Following its debut at Turner Contemporary, Margate, UK, the RHA is delighted to present Connemara an exhibition of new and existing work by Dorothy Cross. Connemara has long been a destination for painters attempting to document the sea, sky, land and light. Connemara is also home to Dorothy Cross, and the source of inspiration for this new exhibition of her work. Cross’s sculpture, film and photography examine the relationship between living beings and the natural world around them, seeing both as sites of constant change, leaving residues of passing time, and strange and unexpected encounters.
Through major new commissions as well as existing works, the exhibition explores central themes in Cross’ practice, particularly the relationship between nature and the body, creation and destruction. Many of the artist’s works incorporate items found on the shore, including boats and animal skins, while others reflect on the environment. New videos will explore a cave near Cross’ home accessible only a few days a year, as well as Margate’s mysterious Shell Grotto.
Born 1956 in Cork, Cross works in a variety of media including sculpture, photography, video and installation.
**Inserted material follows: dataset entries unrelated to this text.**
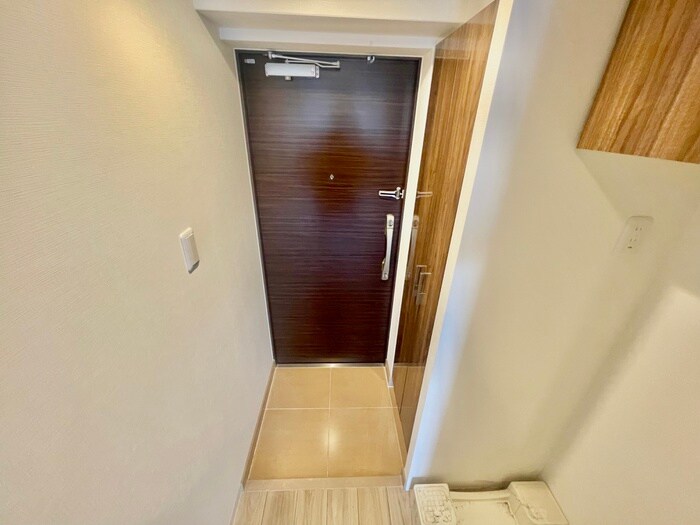 物件内観写真11　(玄関)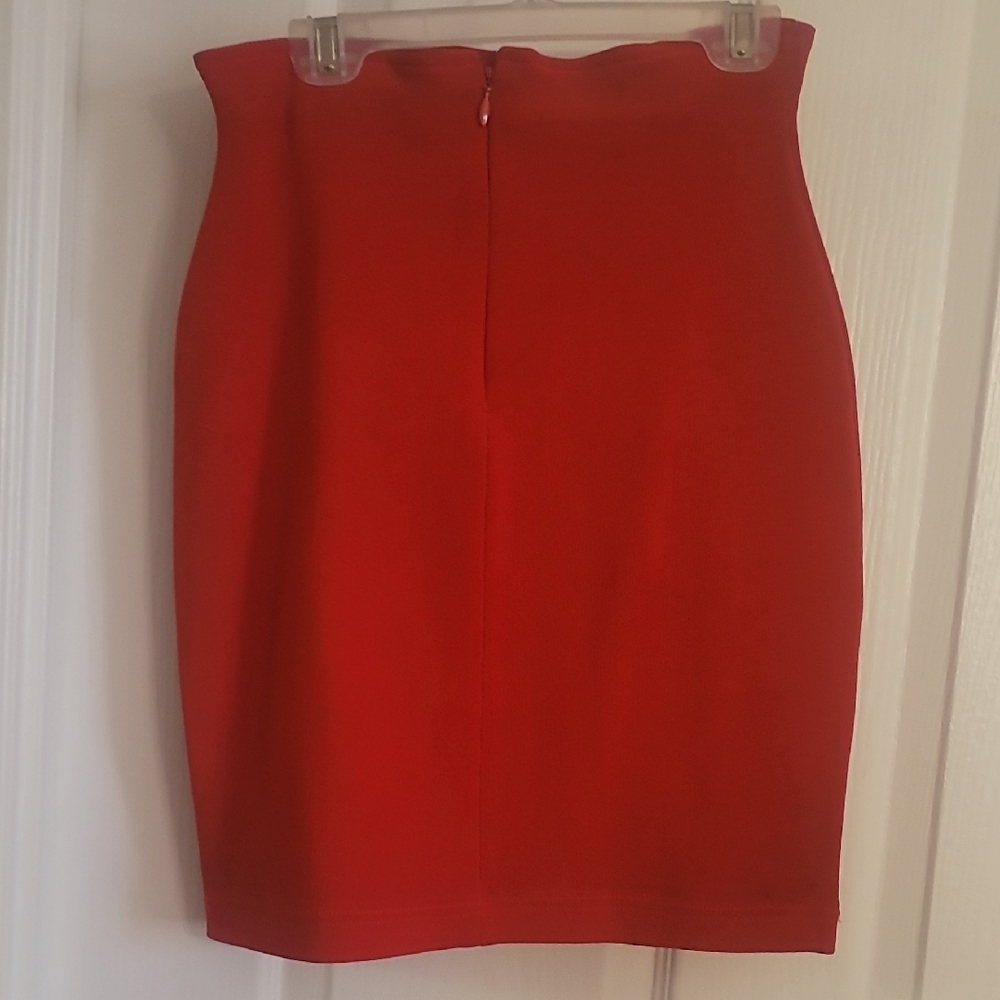 Vintage Chic Black Blazer with Red and Gold Details - Picture 5 of 5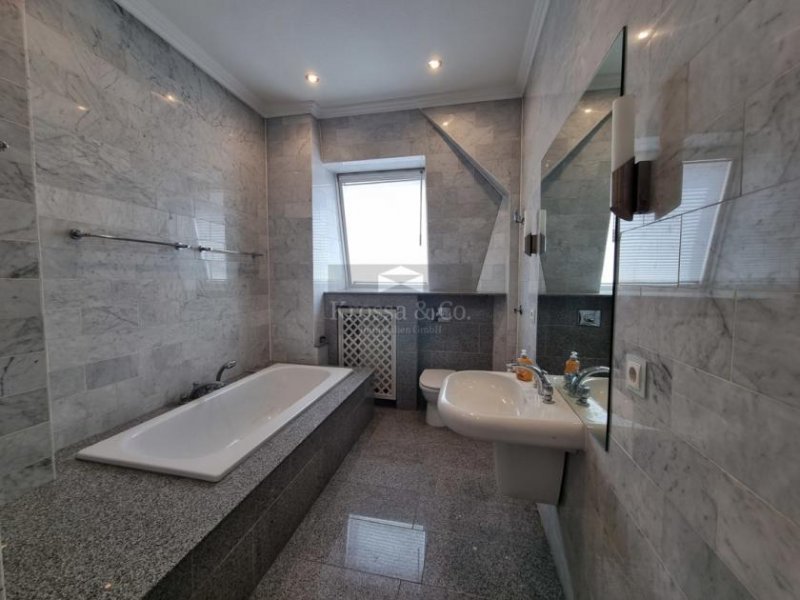 Berlin Gepflegte Dachgeschosswohnung 
in bester Grunewaldlage Wohnung kaufen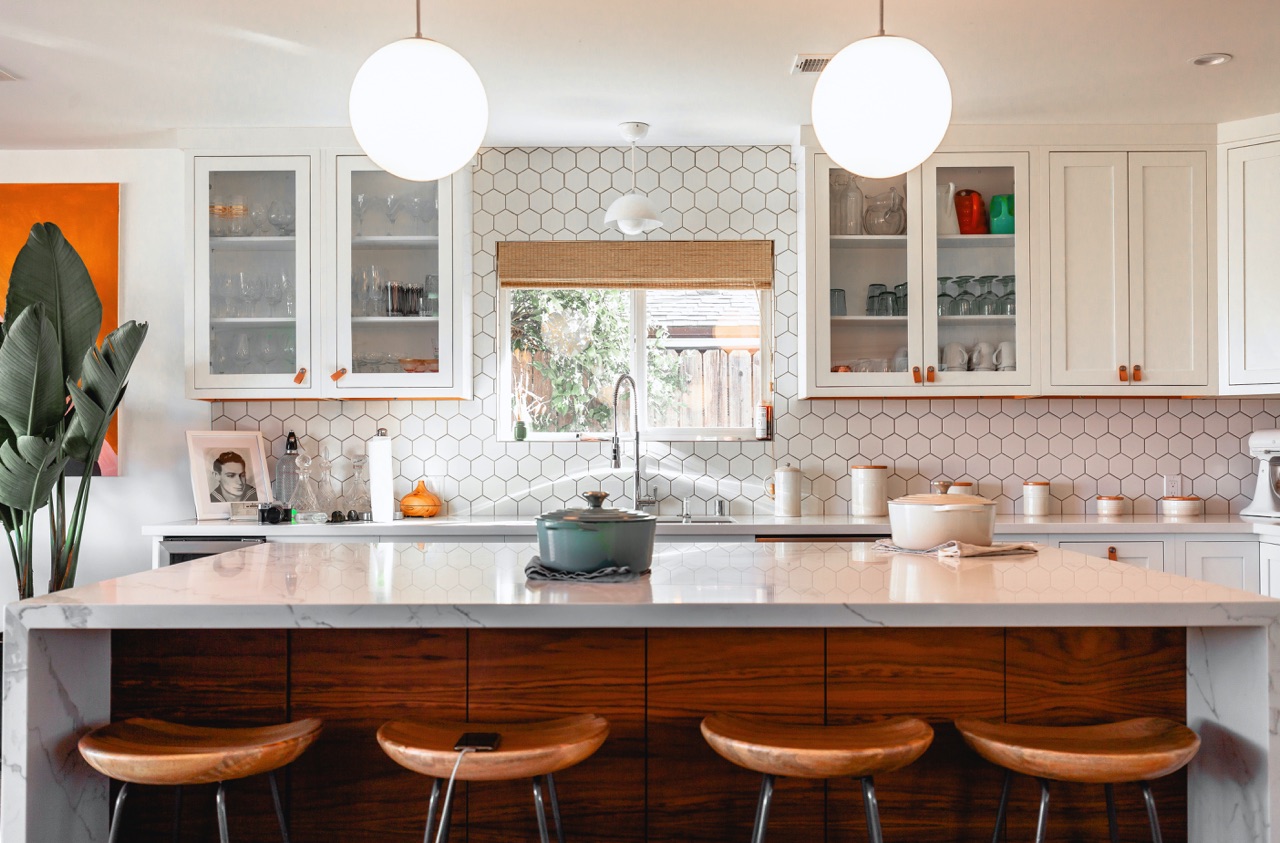 Eine Küche selber aufzubauen ist nicht einfach, aber mit handwerklichem Geschick und ein paar guten Freunden durchaus machbar. Foto: Unsplash | Roam in Color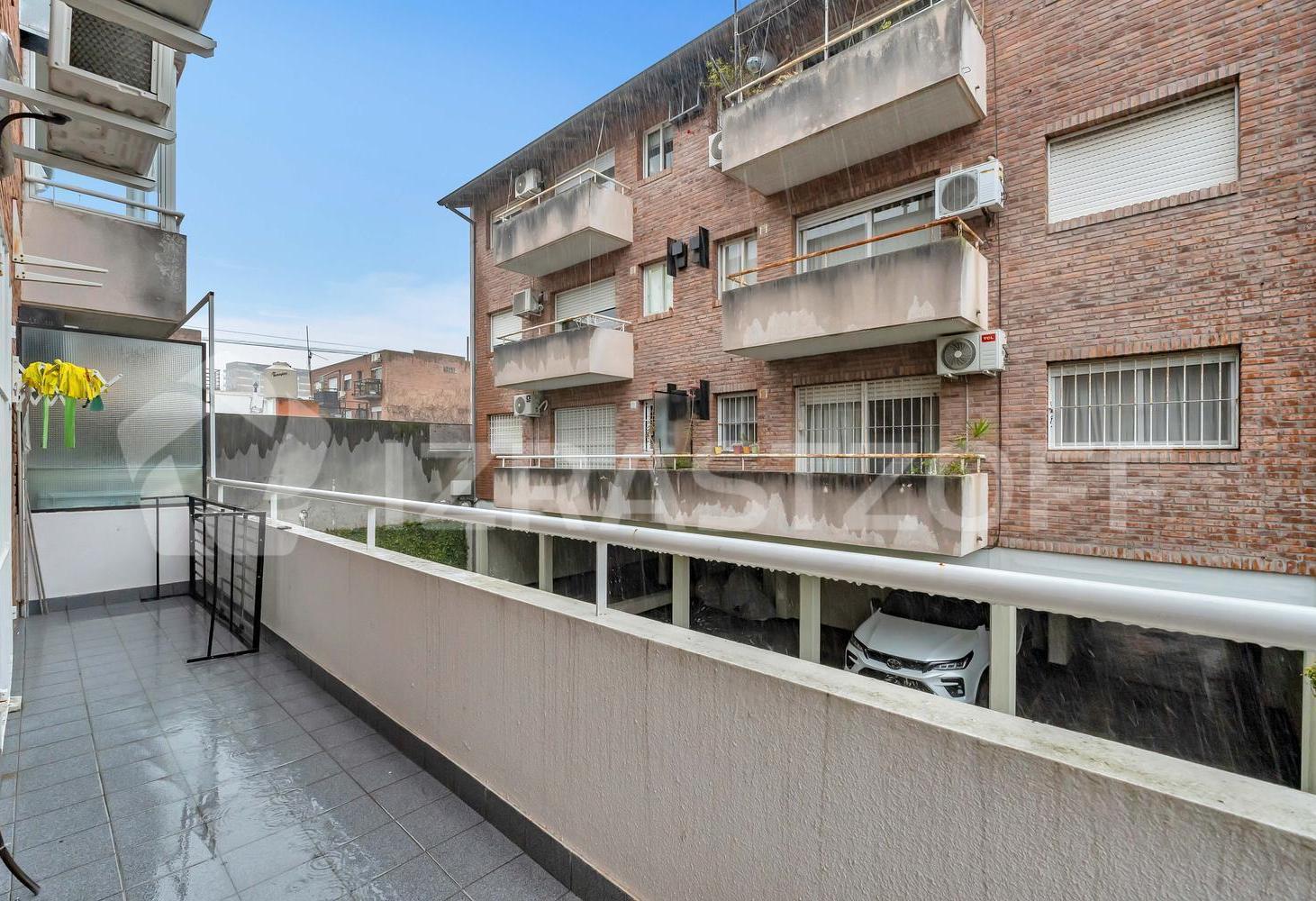 Foto de Departamento en La Calabria 3 ambientes, imagen 1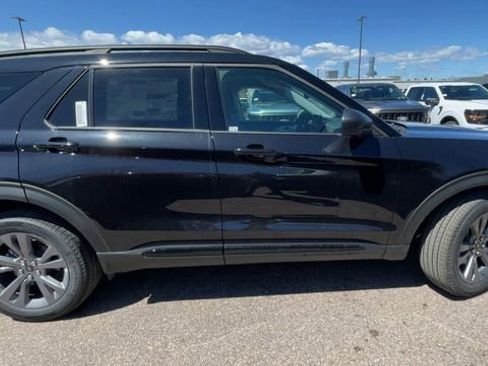 New 2026 Ford Explorer Active w/ Active Comfort Package AWD/4WD image 9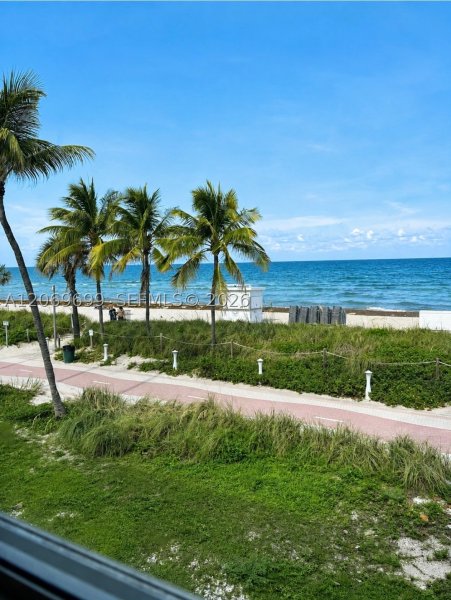 Condo for sale at Castle Beach Club CU26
She has been exhibiting regularly since the mid-80s and her witty and inventive investigations of contemporary sexual mores and politics tend to be produced in series. Her first major solo shows were Ebb, at the Douglas Hyde Gallery, Dublin, in 1988, and Powerhouse at the ICA, Philadelphia, the Hyde Gallery and Camden Arts Centre, London, in 1991. During the 90’s she produced two extended series of sculptural works, using cured cowhide and stuffed snakes respectively, which drew on these animals’ rich store of symbolic associations across cultures to investigate the construction of sexuality and subjectivity. Over the past few years Cross has devoted increasing amounts of time to the development of large-scale public events and projects, most memorably the award-winning Ghost Ship, an ethereally illuminated light-ship, which haunted Dublin Bay for a few weeks in 1999.
Cross has participated in numerous group shows internationally including, the Venice Biennale, 1993, the Istanbul Biennial, 1997 and the Liverpool Biennial, 1998 and 2002. She also took part in the ground-breaking 1994 exhibition Bad Girls in the ICA London and CCA, Glasgow; Mirror Images: Women, Surrealism and Self Representation, MIT List Art Center, Boston, Museum of Contemporary Art, Miami and the San Francisco MOMA, 1998; Skin at the Cranbrook Museum, Michigan, USA, 1999-2000 and a duck for Mr. Darwin, Baltic Arts center, UK, 2009. A major retrospective of Dorothy Cross’s work took place at the Irish Museum of Modern Art, Dublin in 2005.
More recently, Cross has had solo exhibitions at Bloomberg Space, London, 2009, Wolverhamton City Gallery, 2008, McMullen Museum Boston College USA, 2005, Frith Street Gallery, London, 2011 and Kerlin Gallery, 2007. Her work is included in the collections of the Irish Museum of Modern Art, the Norton Collection, Santa Monica, Art Pace Foundation, Texas, Ulster Museum, Belfast, the Goldman Sachs Collection, London The Arnolfini Trust, Bristol, Hugh lane Gallery, Dublin, London and the Tate Modern, London, among others. Dorothy Cross is represented by the Kerlin Gallery, Dublin.